The wise man adapts the means to the end. It were the very height of folly to sacrifice the end to the means. No man gives personal freedom to his child because he deems it always and in all cases a good. His heart teaches him a better doctrine when the highest good of his child is concerned. Should we not be permitted then, to have something of the same feeling in regard to those who Providence has placed under our care, especially since . . . they stand in utmost need of guidance and direction?
Few of the abolitionists are disposed to offer any substitute for our method. They are satisfied merely to pull down and destroy, without the least thought or care in regard to consequences.

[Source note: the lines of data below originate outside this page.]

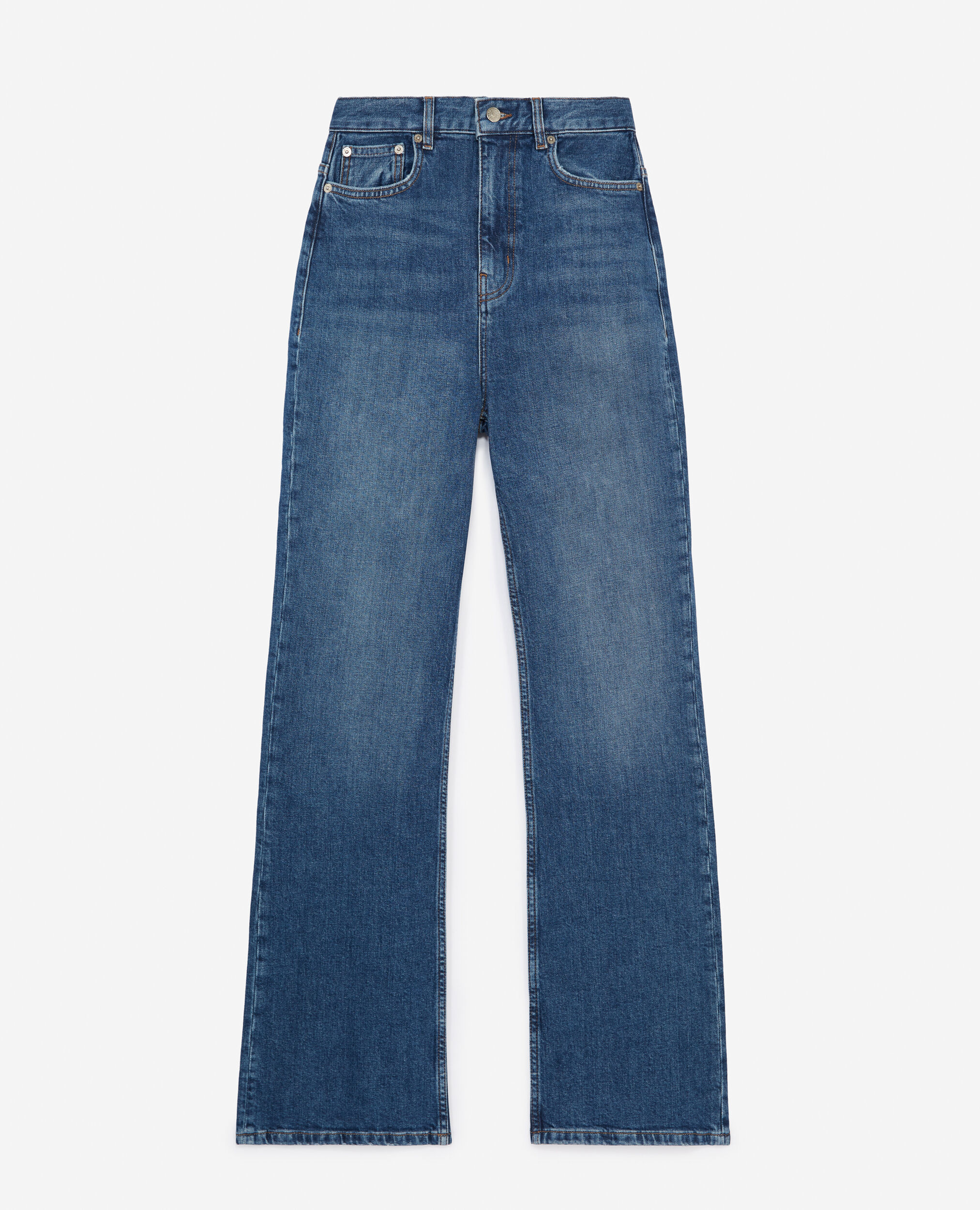 Jeans blau hohe Taille Bootcut, BLUE DENIM, hi-res image number null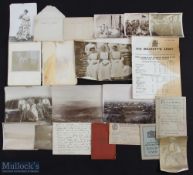 WWI - fine group of five autograph letters written by an officer from the front, making a number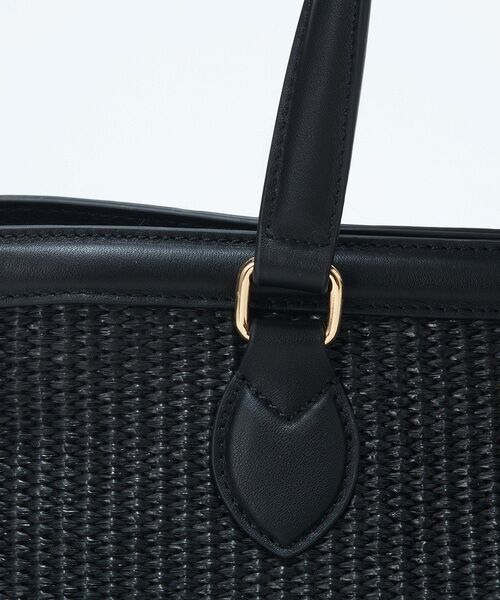 TOPKAPI / トプカピ トートバッグ | 【Breath TOPKAPI】サングラスホルダー付き レザーコンビ カゴバッグ M  | 詳細2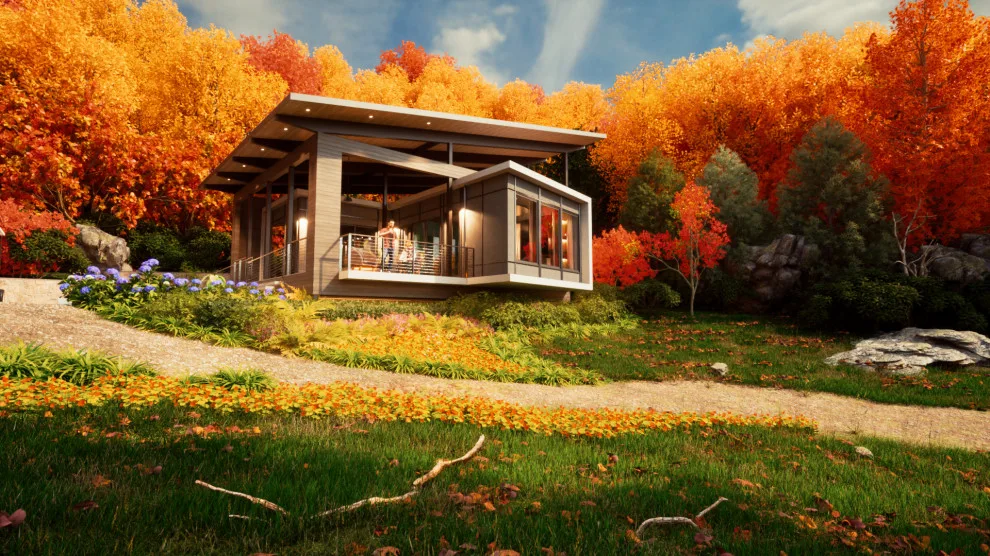 Contemporary Cabins at CRR by Clements Wimsatt Architects - Photo 12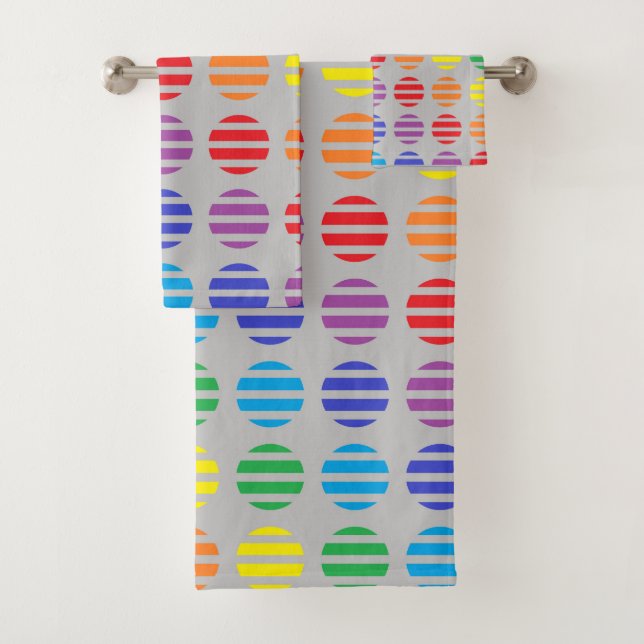 Plata de los lunares y de las rayas del arco iris (In situ)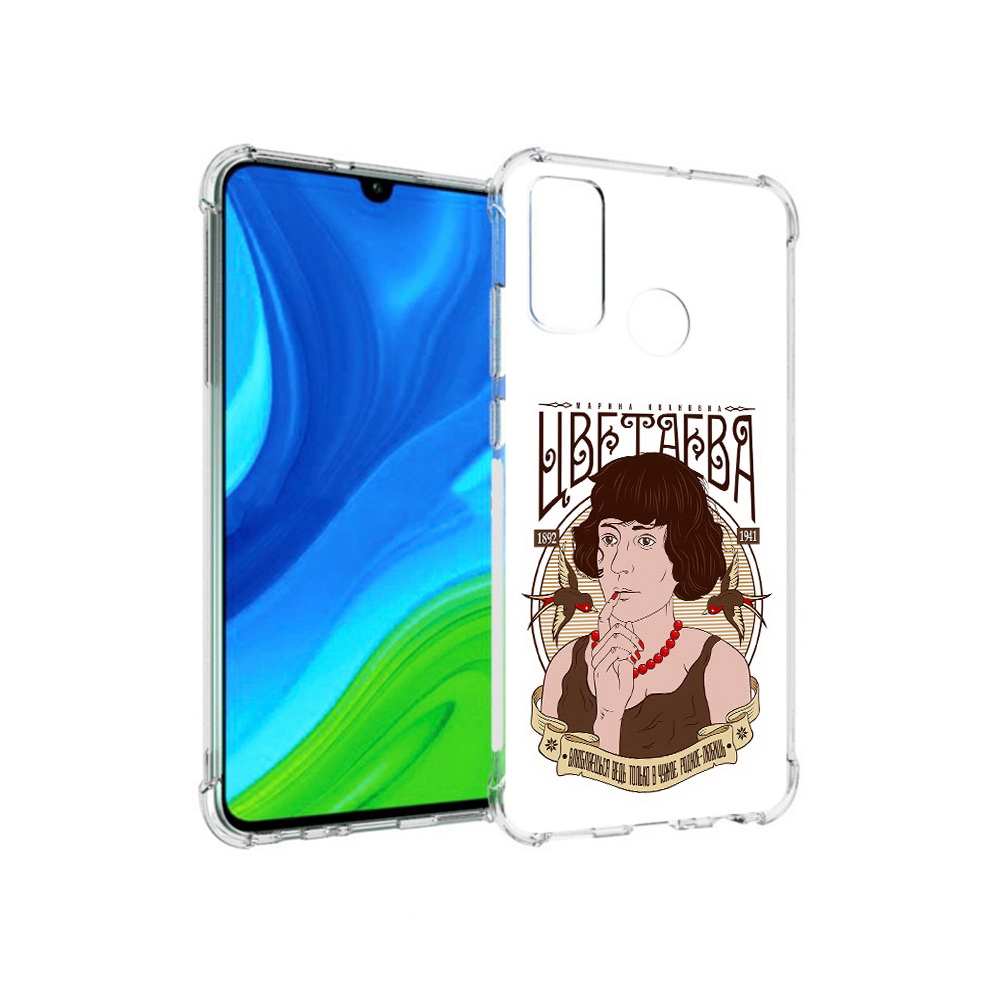

Чехол MyPads Tocco для Huawei P Smart (2020) Цветаева, Прозрачный, Tocco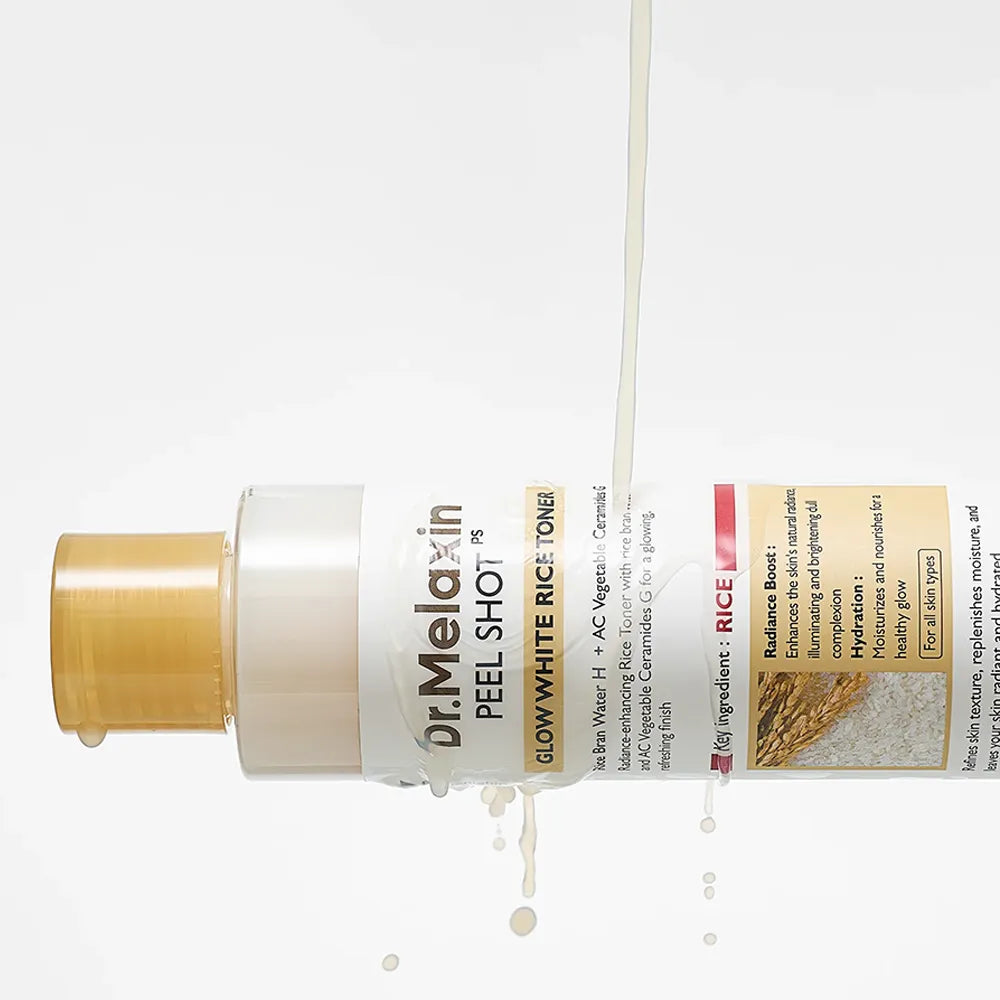 Dr.melaxin Peel Shot Glow White Rice Toner 200ml - MOQ 77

But what is meant by the freedom of the emancipated slaves, on which so many exalted eulogies have been pronounced? Its first element, it is plain, is a freedom from labor – freedom from the very first law of nature. In one word, its sum and substance is a power on the part of the freed black to act pretty much as he pleases. Now . . . would it not be well to see how he would be pleased to act?
This kind of freedom, it should be remembered, was born in France and cradled in the revolution. May it never be forgotten that the “Friends of the Blacks” at Boston had their exact prototypes in “les Amis des Noirs” of Paris. Of this last society Robespierre was the ruling spirit, and Brissot the orator. By the dark machinations of the one, and the fiery eloquence of the other, the French people . . . were induced, in 1791, to proclaim the principle of equality to and for the free blacks of St. Domingo. This beautiful island . . . thus became the first of the West Indies in which the dreadful experiment of a forced equality was tried.

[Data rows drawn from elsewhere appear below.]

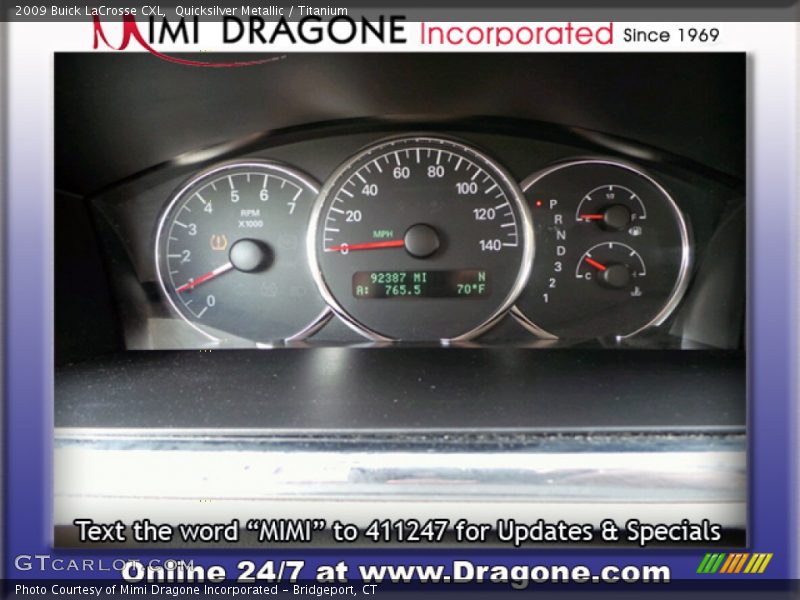 Quicksilver Metallic / Titanium 2009 Buick LaCrosse CXL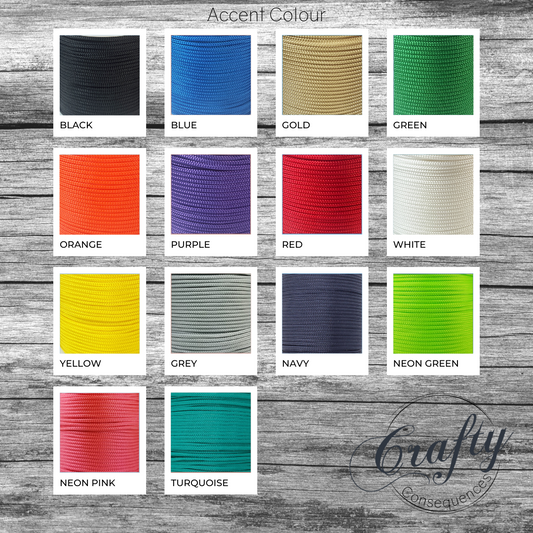 Colour Accented Loaded Paracord Flogger | Handcrafted Impact Toy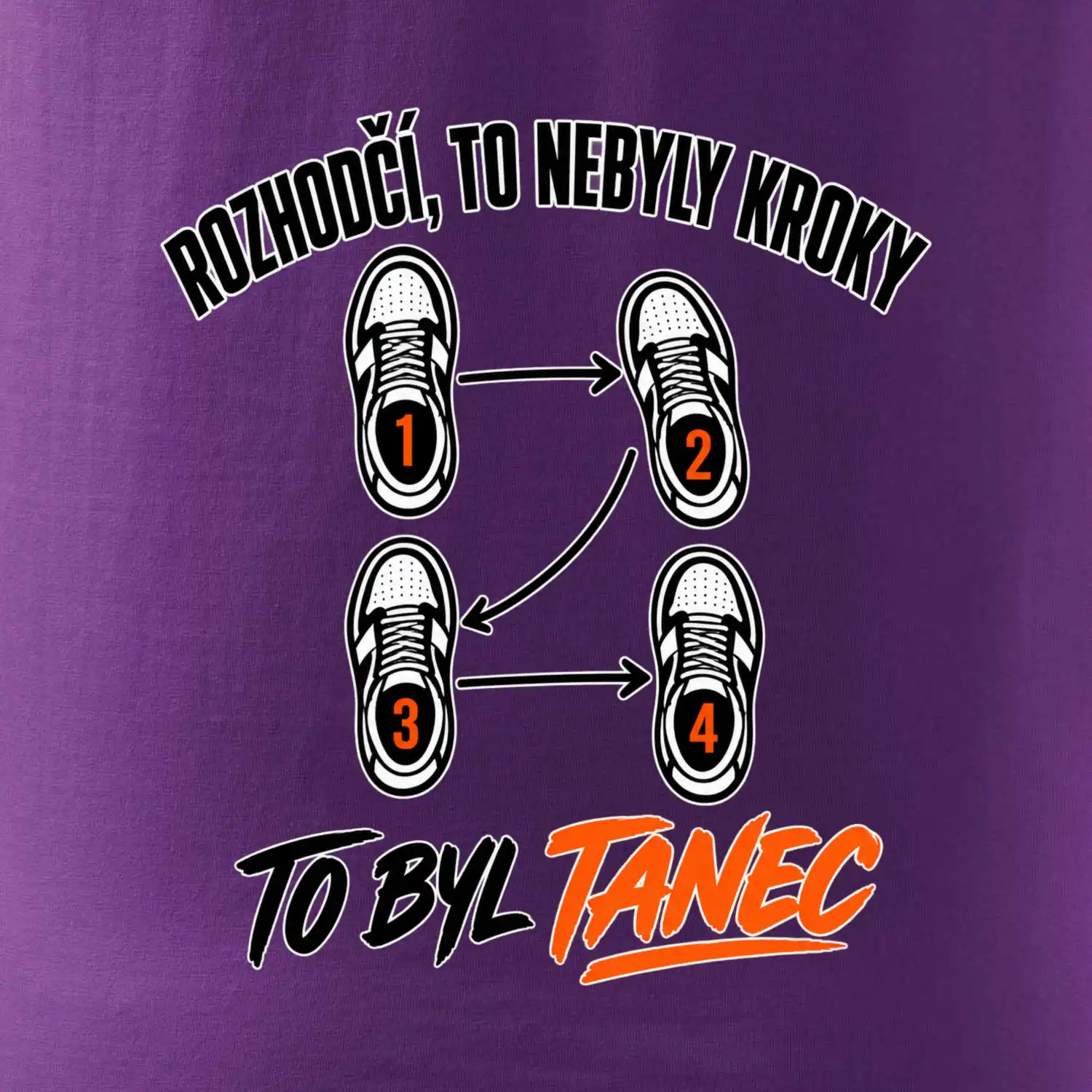 To nebyly kroky to byl tanec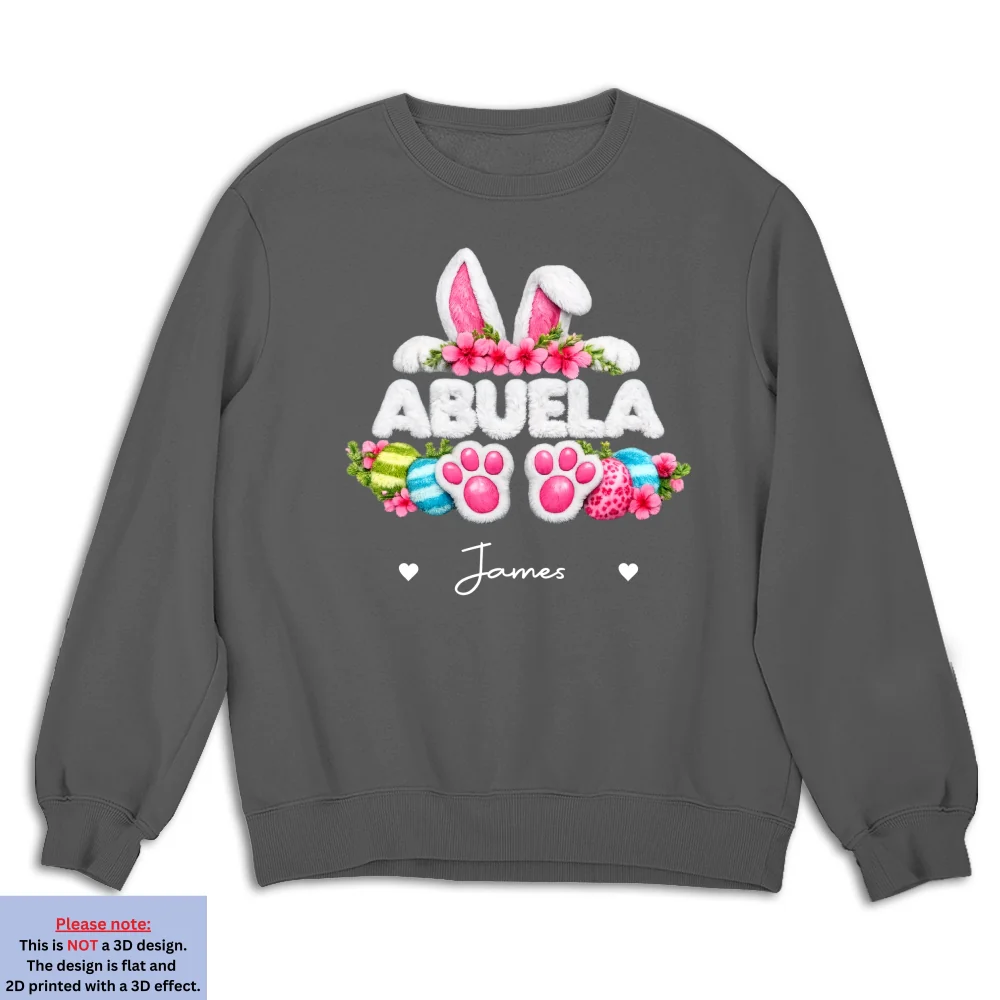 Nana Easter Bunny - Personalized Custom 3D Effect Shirt - Image 14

The authors of that experiment were solemnly warned of the horrors into which it would inevitably plunge both the whites and the blacks of the island. Yet firm and unmovable as death, Robespierre sternly replied, then “Perish the colonies rather than sacrifice one iota of our principles.”
The atrocities of this awful massacre have had . . . no parallel in the annals of human crime. “The Negroes,” says Alison, “marched with spiked infants on their spears instead of colors; they sawed asunder the male prisoners, and violated the females on the dead bodies of their husbands.” The work of death, thus completed with such outbursts of unutterable brutality, constituted and closed the first act in the grand drama of Haytian freedom.

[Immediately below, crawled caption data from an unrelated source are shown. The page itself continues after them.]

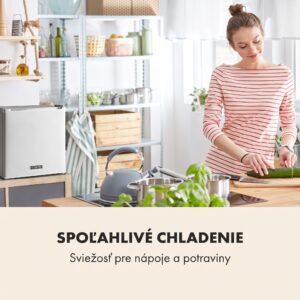 Klarstein Secret Cool, mini chladnička, minibar, 13 l, energet. trieda G, strieborná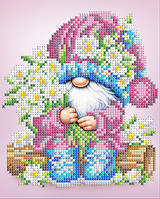 КА5-127 Ромашковый гномик 14х17,5 - Интернет-магазин товаров для вышивки бисером "Ручки Золотые", Ноябрьск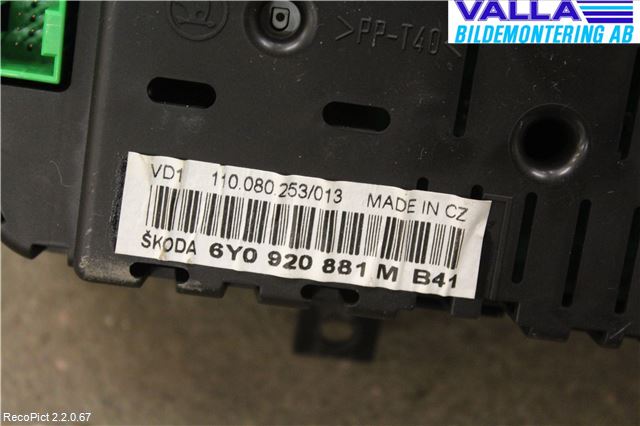 Skoda FABIA 99-07 Instr Kombinert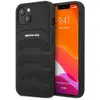 Image de Mercedes AMG AMHCP14MGSEBK iPhone 14 Plus 6,7" czarny/black hardcase Leather Debossed Lines (Apple iPhone 14 Plus), Coque pour téléphone portable, Noir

But equality was not yet established. Equality had been proclaimed, and anarchy produced. In this frightful chaos, the ambitious mulattoes, whose insatiable desire for equality had first disturbed the peace of the island, perished miserably beneath the vengeance of the very slaves whom they had roused from subjection and elevated into irresistible power. Thus ended the second act of the horrible drama.”
(An Essay on Liberty and Slavery, Albert Taylor Bledsoe, J.B. Lippincott & Co., 1856, pp. 269-278; available from www.confederatereprint.com)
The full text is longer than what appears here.